Brief descriptive captions:

*** Block opens ***

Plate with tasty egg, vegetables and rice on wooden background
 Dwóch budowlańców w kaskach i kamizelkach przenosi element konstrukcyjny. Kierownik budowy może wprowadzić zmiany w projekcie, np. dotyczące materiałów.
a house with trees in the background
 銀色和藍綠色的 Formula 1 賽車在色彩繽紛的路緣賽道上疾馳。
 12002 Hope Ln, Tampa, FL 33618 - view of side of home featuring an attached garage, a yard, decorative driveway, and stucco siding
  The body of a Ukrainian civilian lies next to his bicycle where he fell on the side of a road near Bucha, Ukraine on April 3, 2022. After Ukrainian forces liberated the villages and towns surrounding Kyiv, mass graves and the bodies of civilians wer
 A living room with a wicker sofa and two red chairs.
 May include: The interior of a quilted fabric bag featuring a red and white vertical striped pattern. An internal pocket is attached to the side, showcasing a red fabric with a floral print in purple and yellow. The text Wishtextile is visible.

*** Block closes ***

• ACTION ITEM
The answer should hold the lines from the one containing "Dwóch budowlańców w" through the end of the entries above, set down exactly, with both ends included.

• TASK ANSWER
 Dwóch budowlańców w kaskach i kamizelkach przenosi element konstrukcyjny. Kierownik budowy może wprowadzić zmiany w projekcie, np. dotyczące materiałów.
a house with trees in the background
 銀色和藍綠色的 Formula 1 賽車在色彩繽紛的路緣賽道上疾馳。
 12002 Hope Ln, Tampa, FL 33618 - view of side of home featuring an attached garage, a yard, decorative driveway, and stucco siding
  The body of a Ukrainian civilian lies next to his bicycle where he fell on the side of a road near Bucha, Ukraine on April 3, 2022. After Ukrainian forces liberated the villages and towns surrounding Kyiv, mass graves and the bodies of civilians wer
 A living room with a wicker sofa and two red chairs.
 May include: The interior of a quilted fabric bag featuring a red and white vertical striped pattern. An internal pocket is attached to the side, showcasing a red fabric with a floral print in purple and yellow. The text Wishtextile is visible.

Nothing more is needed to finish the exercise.